Third, does automation make the work impossible to learn, for example, when tasks that once built finance analysts’ capabilities over months are now completed in minutes, undermining the future bench for senior roles.
HR was positioned as the function that must “hold the fort” for learning, balancing the elimination of obsolete steps with safeguards for human oversight and skill development.
Muscle 5 – Human accountability: deciding what stays human
The final muscle is defining in advance where human oversight is mandatory and which decisions must remain human. This requires explicit choices grounded in ethics, risk tolerance, and organisational values, rather than vague aspirations to be “people‑centred.” HR was identified as the owner of this accountability, responsible for ensuring people remain in the loop for high‑impact or high‑risk decisions even as AI systems scale.

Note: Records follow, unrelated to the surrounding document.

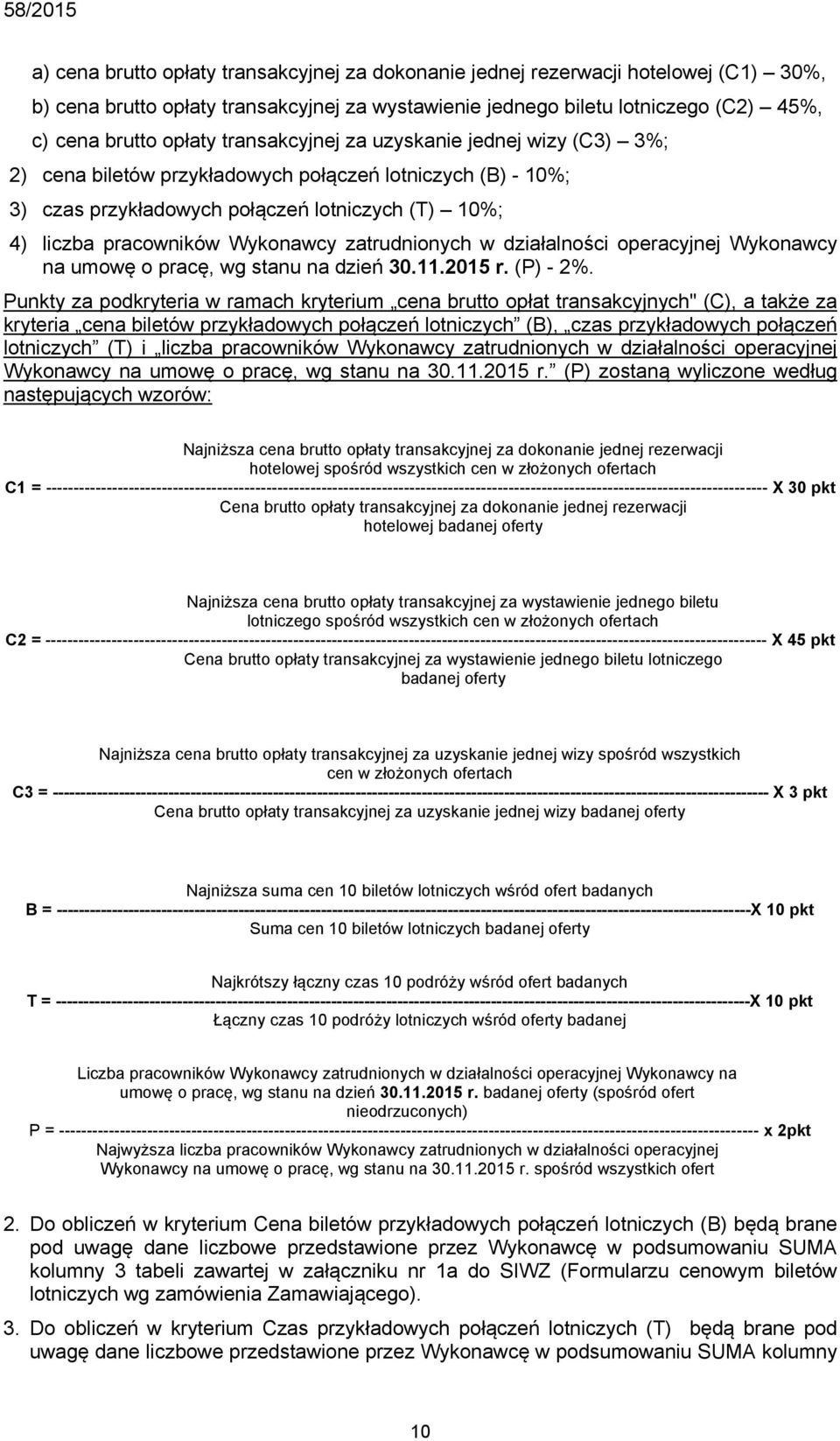 zatrudnionych w działalności operacyjnej Wykonawcy na umowę o pracę, wg stanu na dzień 30.11.2015 r. (P) - 2%.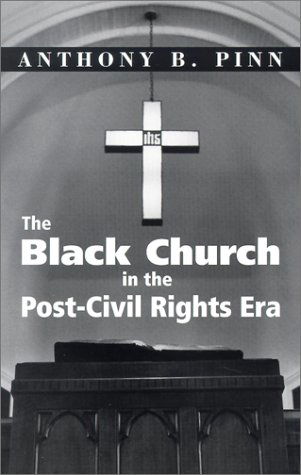 The Black Church in the Post-civil Rights Era - Anthony B. Pinn - Books - Orbis Books - 9781570754234 - April 1, 2002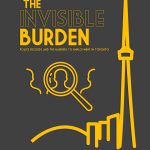 Cover of the invisible burden report with a yellow Toronto skyline and a yellow magnifying glass over a person.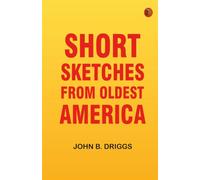 Short Sketches from Oldest America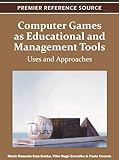 Image de Computer Games As Educational and Management Tools:: Uses and Approaches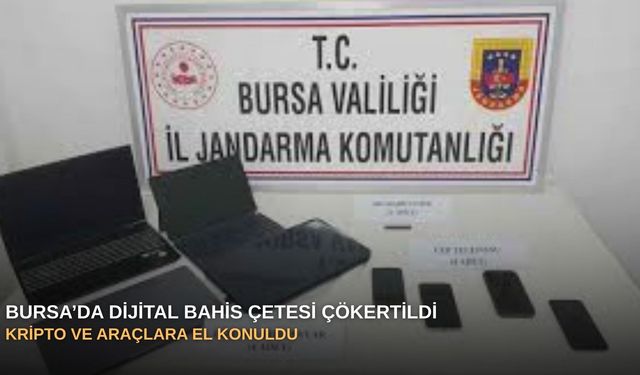 Bursa’da dijital bahis çetesi çökertildi: Kripto ve araçlara el konuldu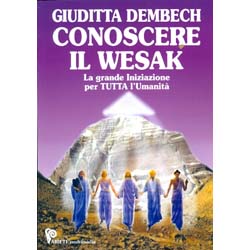 Conoscere il Wesak - (DVD + Libro)La grande Iniziazione per tutta l'umanità 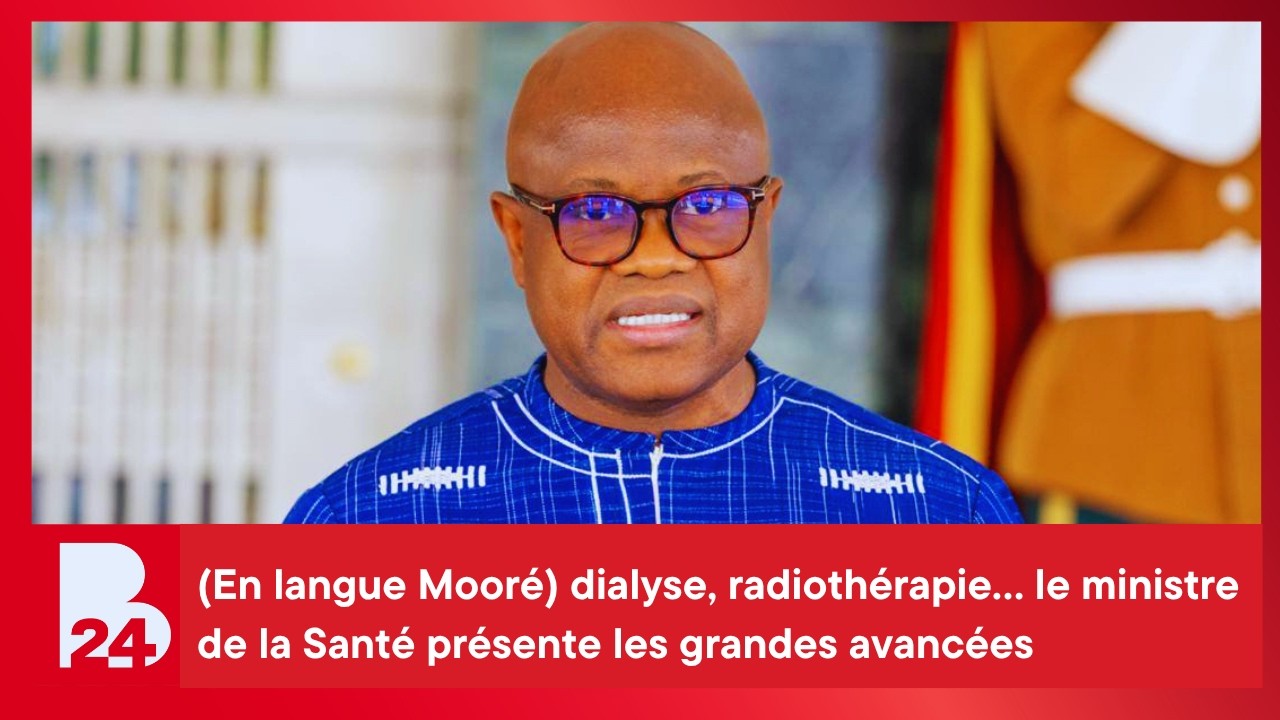 (En langue Mooré) dialyse, radiothérapie… le ministre de la Santé présente les grandes avancées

Concrete actions for HR leaders
The session concluded with a direct call to action for HR professionals.
First, each participant was asked to use AI for a specific task—work or personal—to directly experience the efficiency and capability gains.
Second, they were encouraged to have an honest cross‑functional conversation about AI’s impact, translating it into the language of strategy and risk, unit economics, or near‑term operational changes for at least one partner function.
Third, HR teams were tasked with killing one ritual that AI has rendered obsolete, such as manual daily or weekly reporting, and replacing it with a sustainable automated workflow with appropriate safeguards.
In closing, sincere thanks to Ramya Balakrishnan for framing AI not as a tools conversation but as a judgment challenge, and for articulating the five “judgment muscles” with such clarity and practicality. Appreciation is also extended to Human Resources Online and panel speakers who created a forum where uncertainty could be acknowledged openly and where HR leaders are invited to act, learn, and refine their judgment in public.